Embora Washington insista em uma patrulha antinarcóticos, as forças mobilizadas não têm relação com o trabalho da Guarda Costeira. Recentemente, uma operação resultou na destruição de uma lancha com 11 tripulantes, sem advertências ou controle judicial, assemelhando-se a uma execução sumária.
O governo Trump não apresentou justificativas legais nem provas de que se tratava de narcotraficantes. Ataques devem ser lidos como uma mensagem política e militar.
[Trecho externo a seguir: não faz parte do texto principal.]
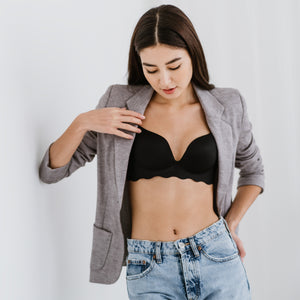 Comfy Sleek! Seamless Push Up Wireless Bra in Black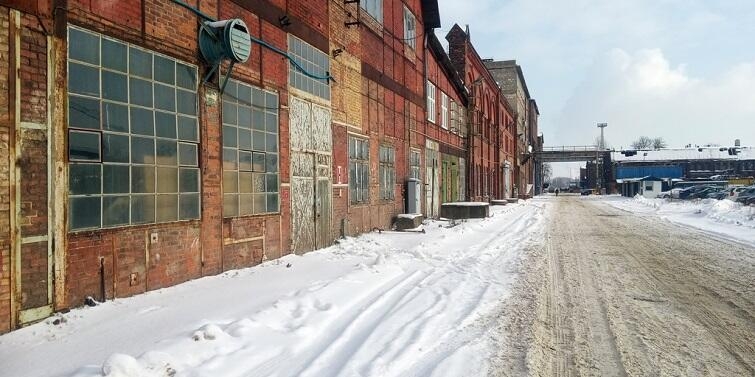 Zwiedzaj stocznię z pasjonatami historii  - GospodarkaMorska.pl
Até meados de outubro, cinco embarcações foram explodidas, com um saldo de 27 mortos, ainda sem identificação ou explicações formais.
Há motivações políticas internas em jogo. Eleições de meio de mandato se aproximam, e ações brutais contra imigrantes latinos geraram mal-estar. Uma operação militar “bem-sucedida” na Venezuela poderia revitalizar sua imagem. Trump poderia se apresentar como o líder que promoveu uma mudança política em Caracas, com reflexos em Cuba e Nicarágua, atraindo o eleitorado cubano-americano e nicaraguense mais anticomunista.
Além disso, para o movimento “Make America Great Again”, imigrantes seriam responsáveis pelos problemas sociais. Uma ação militar reforçaria a mensagem de redução do fluxo migratório da Venezuela, Cuba e Nicarágua para os EUA.
Durante a presidência de Joe Biden, a América Latina foi relegada a um segundo plano. Trump fez da recuperação da influência estadunidense na região um de seus slogans. Venezuela, Cuba e Nicarágua são vistas como plataformas para a presença de China, Rússia e Irã na região. Neutralizar essa “influência maligna” seria um objetivo central.
Por fim, há uma dimensão simbólica e pessoal. Para Trump, enfraquecer o regime cubano, intimidar o governo da Colômbia e ameaçar a Nicarágua poderia gerar dividendos políticos imediatos.
Uma invasão em grande escala da Venezuela parece improvável. A experiência do Iraque em 2003 serve como parâmetro: mais de 4.500 soldados americanos mortos, cerca de dois trilhões de dólares gastos e 200 mil civis mortos. Especialistas militares estimam que uma invasão à Venezuela exigiria 150 mil soldados.
Analistas militares não descartam operações mais limitadas, como ataques aéreos seletivos ou sabotagens. A intenção desta fase seria a desarticulação violenta de redes de narcotráfico e a captura dos líderes dos cartéis, não a ocupação do país.
A explosão da lancha venezuelana em setembro foi um fato grave, uma provocação que equivalia a um casus belli. No entanto, a reação do regime não foi de escalar a situação. As autoridades venezuelanas alegaram que a explosão era uma montagem com inteligência artificial.
Em paralelo, o regime tentou projetar uma imagem de força interna, com uma “arma secreta”: a milícia. Segundo porta-vozes, essa força contaria com 12,7 milhões de reservistas.
Diante desse cenário, o futuro imediato da Venezuela dependerá da disposição real de Washington em ir além das intimidações, da capacidade do regime de Maduro de sustentar sua retórica e da pressão da sociedade venezuelana e internacional por uma solução baseada em direitos e garantias políticas. O país se encontra numa encruzilhada.